Middle East Why women’s rights rhetoric is suddenly on the rise again in Iran

Why women’s rights rhetoric is suddenly on the rise again in Iran
Iranian women supported reformists' candidates who promised improvement in women's situation in Iran. (Photo: AP)

TEHRAN, Iran (Kurdistan24) – In elementary school, before we girls could understand why our bodies—unlike those of boys our age—had to be hidden and covered, we were told good girls were inconspicuous. Speaking and laughter were discouraged. The only occasion where screaming was applauded was when we were chanting: “Death to America,” “Death to Israel.”

Every four years during the presidential elections, Iranians are offered a unique level of freedom. Women who are otherwise punished for their non-Islamic dress codes are seen in photos with candidates, uncovered. Gender segregations are limited, and women’s rights rhetoric rises.

Additionally, the melancholic culture, whose holidays are mainly death anniversaries of some Imams, allows street celebrations. Citizens pressed under a crippling economy caused by sanctions, corruption, and mismanagement of resources are offered a ray of hope, provided they vote for so and so.

But what do women’s rights mean in a country whose supreme leader calls gender equality a “Zionist plot?”

How is women’s participation encouraged when their gender disqualifies them from running for the presidency?

The constitution decrees the president has to be a male, a believer in the Islamic Republic, and follower of the dominant sect of Islam (Twelve-Imam Shia).
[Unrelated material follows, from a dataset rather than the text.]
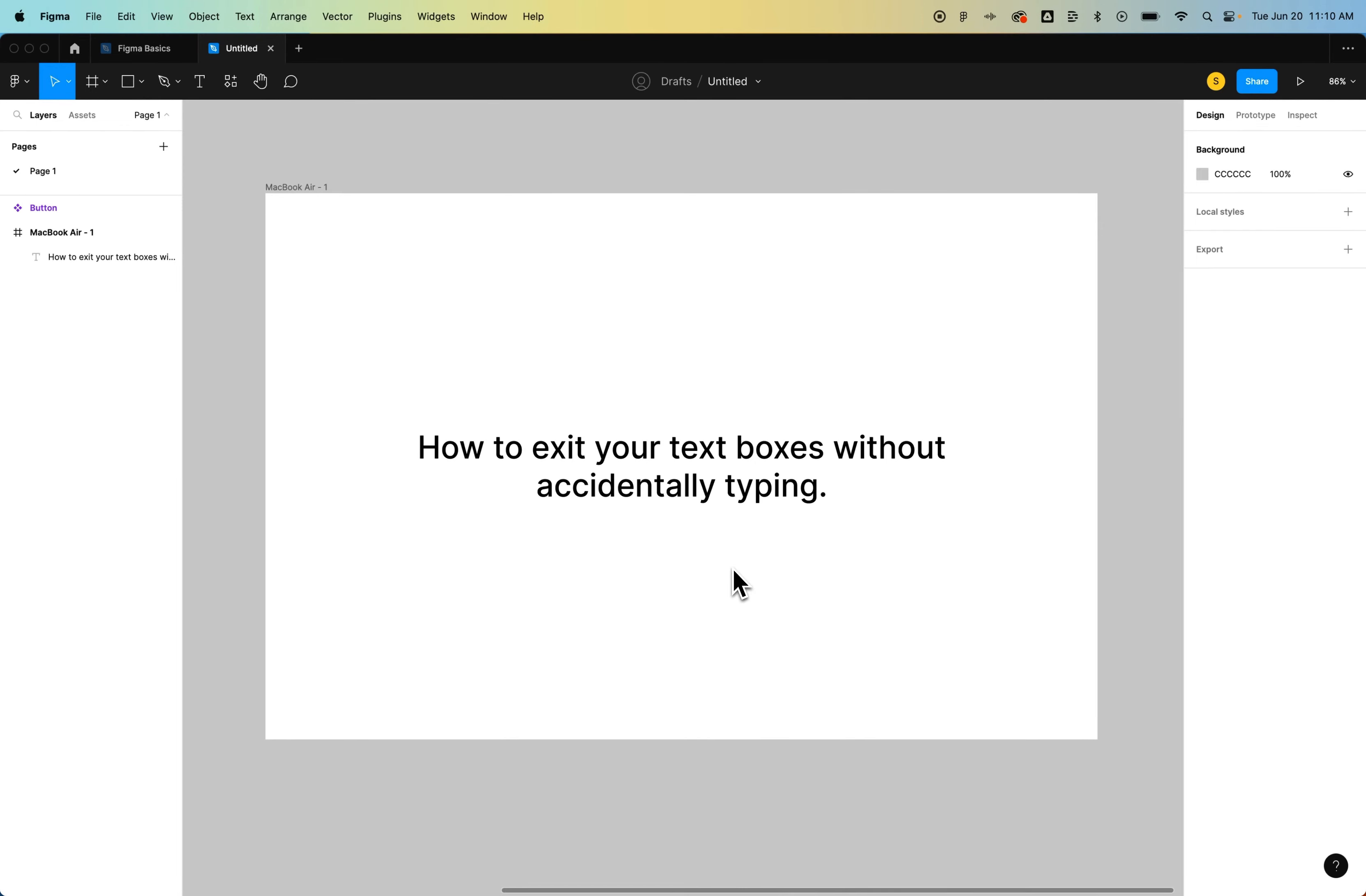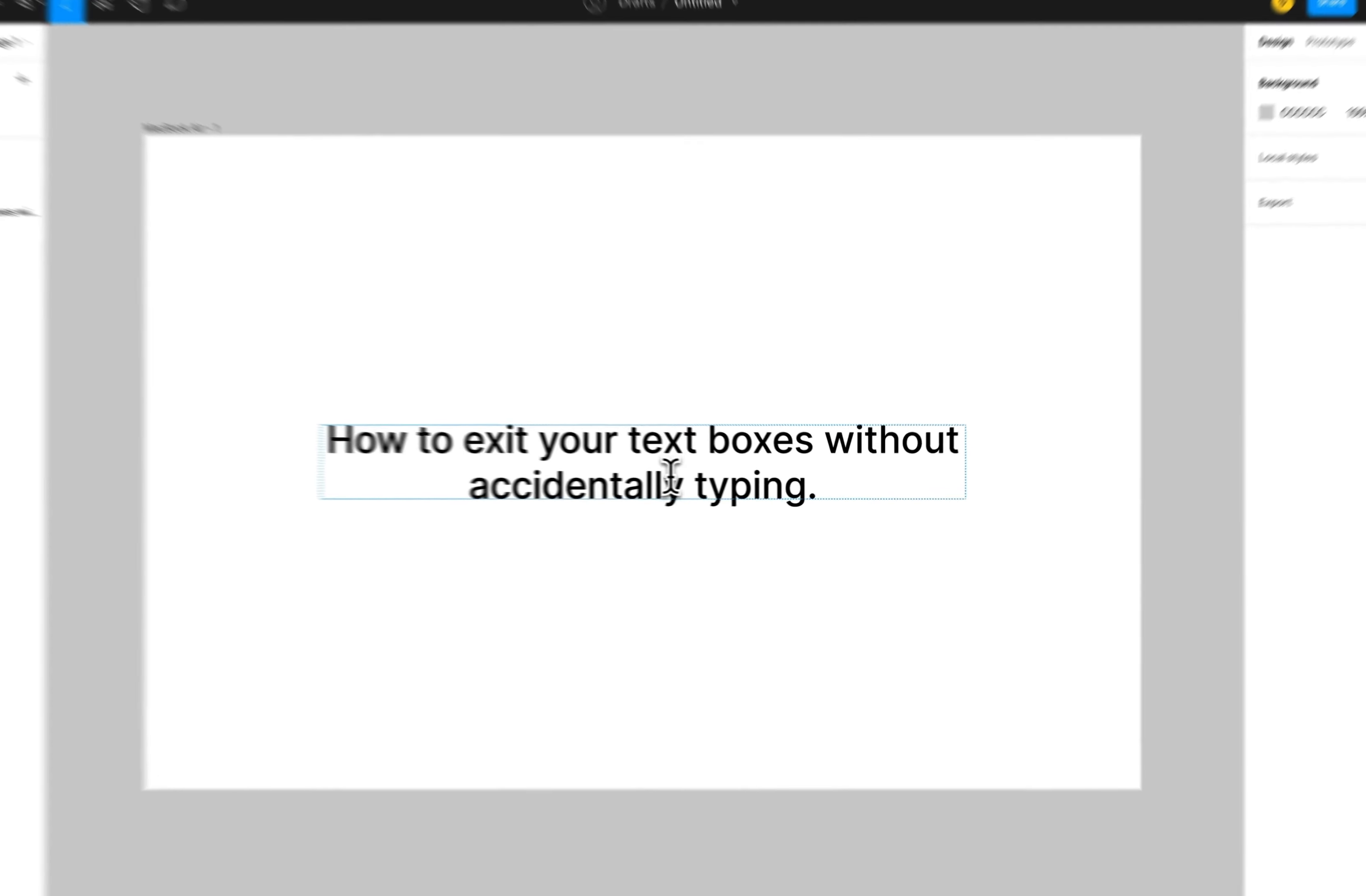Hey guys, in this Figma tutorial, we're going to take a look at how to not accidentally type in your text boxes when you're trying to exit them. A lot of times we use shortcut keys to get on to our next tool. Here in Figma, the shortcut key for the type tool is T.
Thus, the greater half of the Iranian population is automatically excluded. Hence, women’s “rights” means voting but not being trusted with an important position.

The number of Iranian women working in government positions has slightly increased compared to two decades ago, and this has provided a perfect propaganda tool for the state.

However, influential ministers such as Maryam Mojtahidzadeh, head of the women’s ministry, discuss “complementary” roles for women—not equality. 

In Iran today, a woman’s most important decisions in life (marriage, child custody, divorce, employment, traveling abroad, etc.) legally requires a man’s approval: a father or grandfather, a husband, or a male judge.

Moreover, to draw voters and earn legitimacy, the government banks on horrors of invasions. Iranians are fearful their country will be destroyed like their neighbors Iraq, Syria, and Afghanistan.

Women fear they are the first victims of war and destruction, so they avoid reaching that point at all costs, even if it means supporting a dictator.

Women supported the Green Movement in Iran in 2009. (Photo: Hamed Saber)

The prevailing myth in Iran, what the hardliners and the so-called reformists promote, is: Choose between violence and reform. They undermine options such as civil disobedience or boycotting the elections.

“Reformists” have offered no plan to make significant changes to the discriminatory laws of the constitution and yet they pressure the second-class citizens to vote for them “for stability.”

When women are legally allowed to run for lower rank positions such as city councils or parliaments, they lack confidence in themselves and other women to trust them with managerial roles.

Despite globalization, the massive population of Iranians in the diaspora, access to the internet and satellite, the unfair situation of Iranian women is in sharp contrast with the West because gender equality is not systematically taught in Iran.

Hence, many still wonder how feminism is not “a threat to families and society.”

The rising statistics of divorce is seen not as a protest to patriarchy, but as a negative impact of women’s relative liberation from cultural taboos. 

Women who are otherwise punished for their non-Islamic dress codes are seen in photos with candidates, uncovered. (Photo: Archive)

Although 60 percent of Iranian college graduates are women, they make up some 13 percent of the workforce.

A portion of women has gained divorce and travel rights by stating those in their marriage licenses.

However, implementing legal loopholes by the upper-middle class has not improved life for the rest of the women.

Globalization has changed much in Iran, but women are still welcomed only when they contribute to patriarchy and nationalism.

The small freedom and hope offered during the election season, the massive propaganda about empowering women, the prevailing myth of “war or reformists,” allures women, minorities, and other second class citizens to the polling stations. This, in turn, further legitimizes the Islamic Republic and recreates a vicious cycle.